── PROVIDED MATERIAL

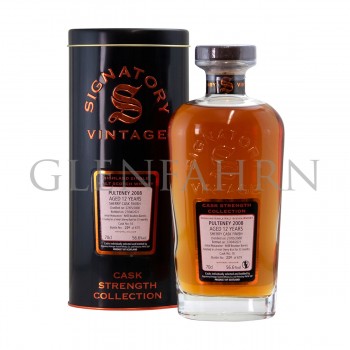 Pulteney 2008 12y Cask#16 Cask Strength Collection Signatory 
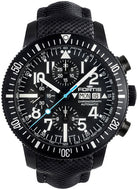 Fortis Watch Aquatis Diver Black Chronograph 638.18.41 LP Image 1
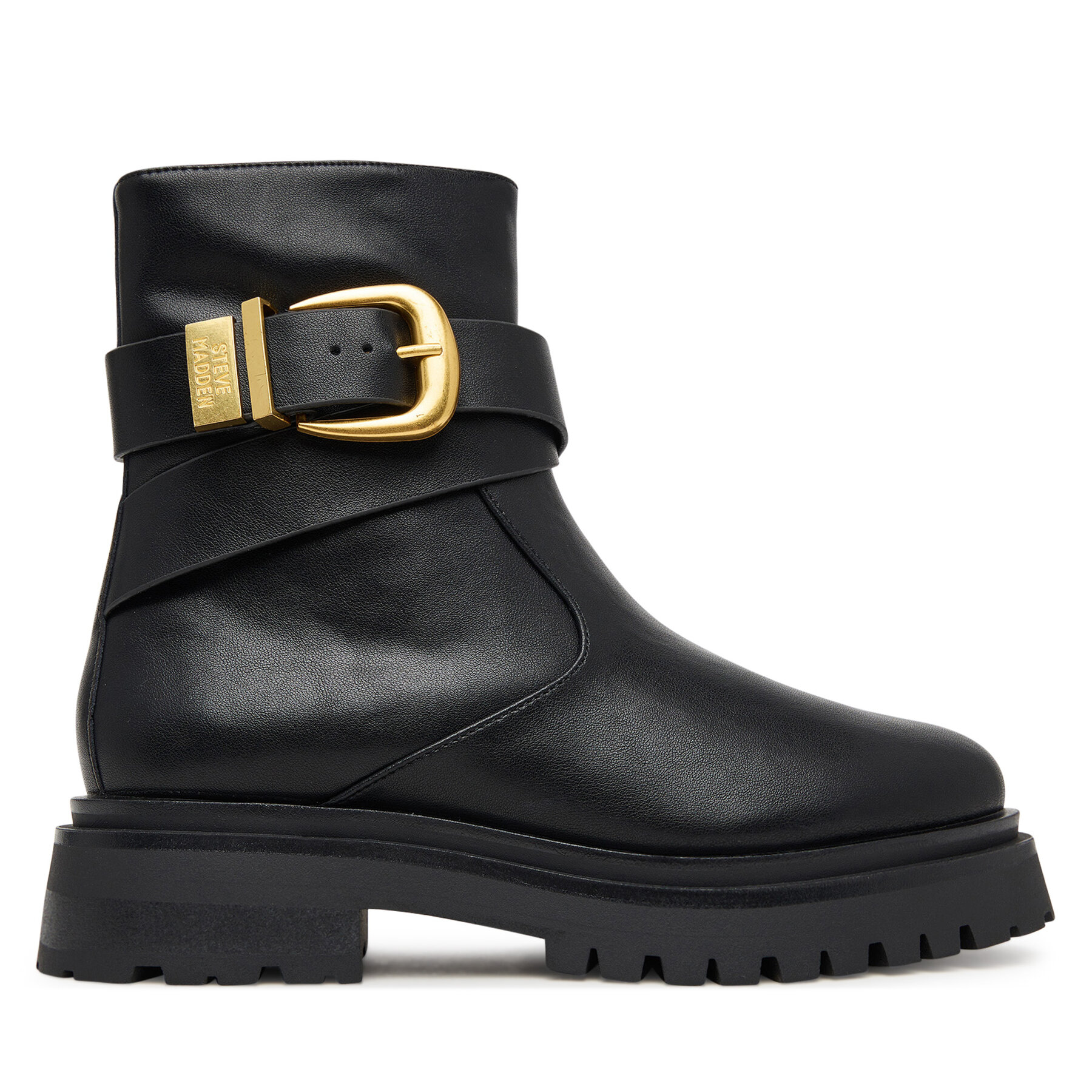 Členková obuv Steve Madden Lexs SM11003593 Čierna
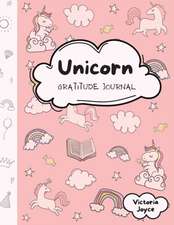 Unicorn Gratitude Journal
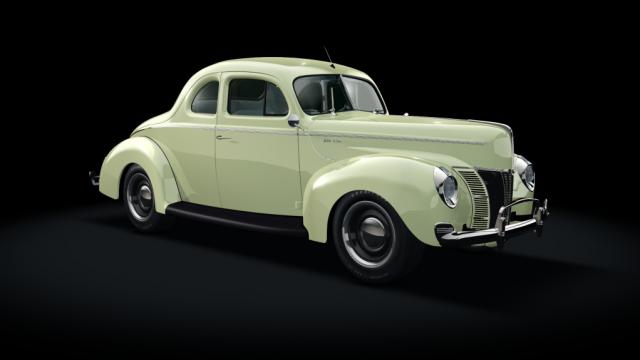 Ford Coupe 1940 для Assetto Corsa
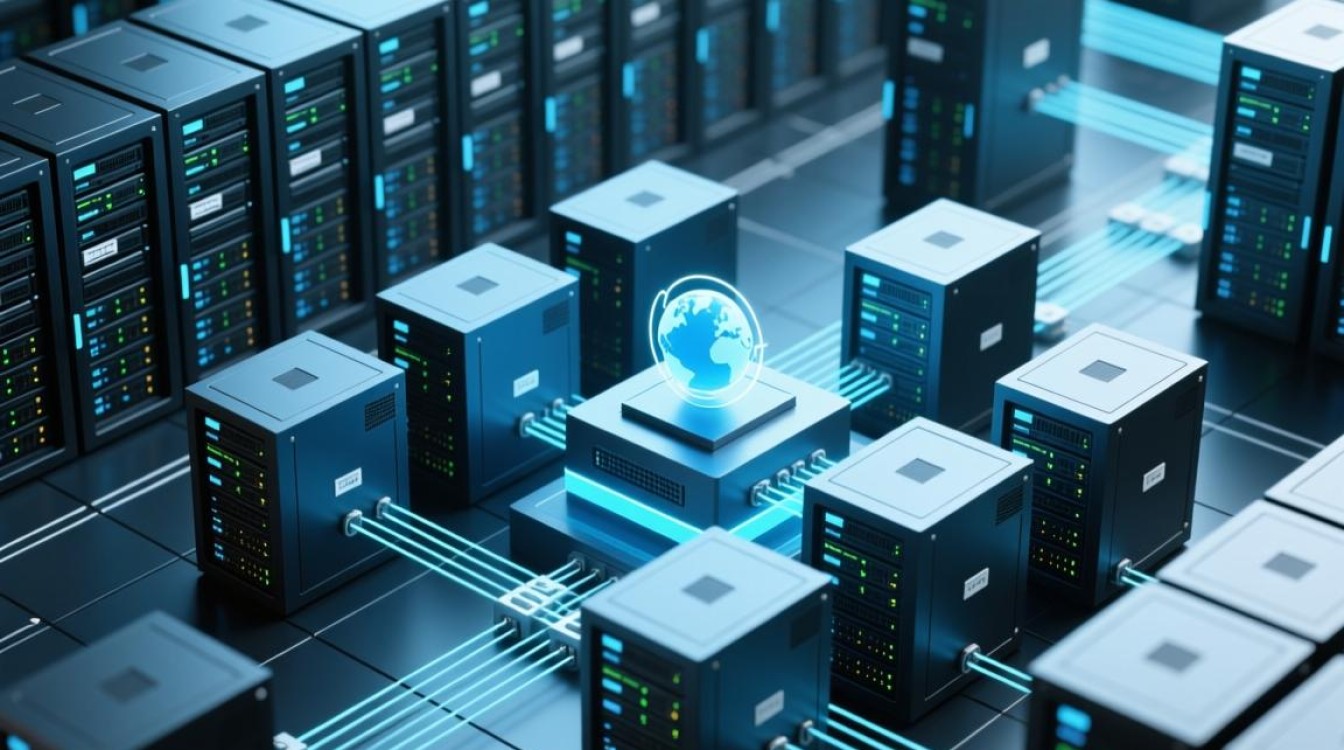 分布式服务器集群如何实现高效协同与负载均衡？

────

Repeat each record exactly, with the pictures left out.

 Pulteney 2008 12y Cask#16 Cask Strength Collection Signatory 
 Fortis Watch Aquatis Diver Black Chronograph 638.18.41 LP Image 1
 Členková obuv Steve Madden Lexs SM11003593 Čierna
 Unicorn Gratitude Journal
 Ford Coupe 1940 для Assetto Corsa
 分布式服务器集群如何实现高效协同与负载均衡？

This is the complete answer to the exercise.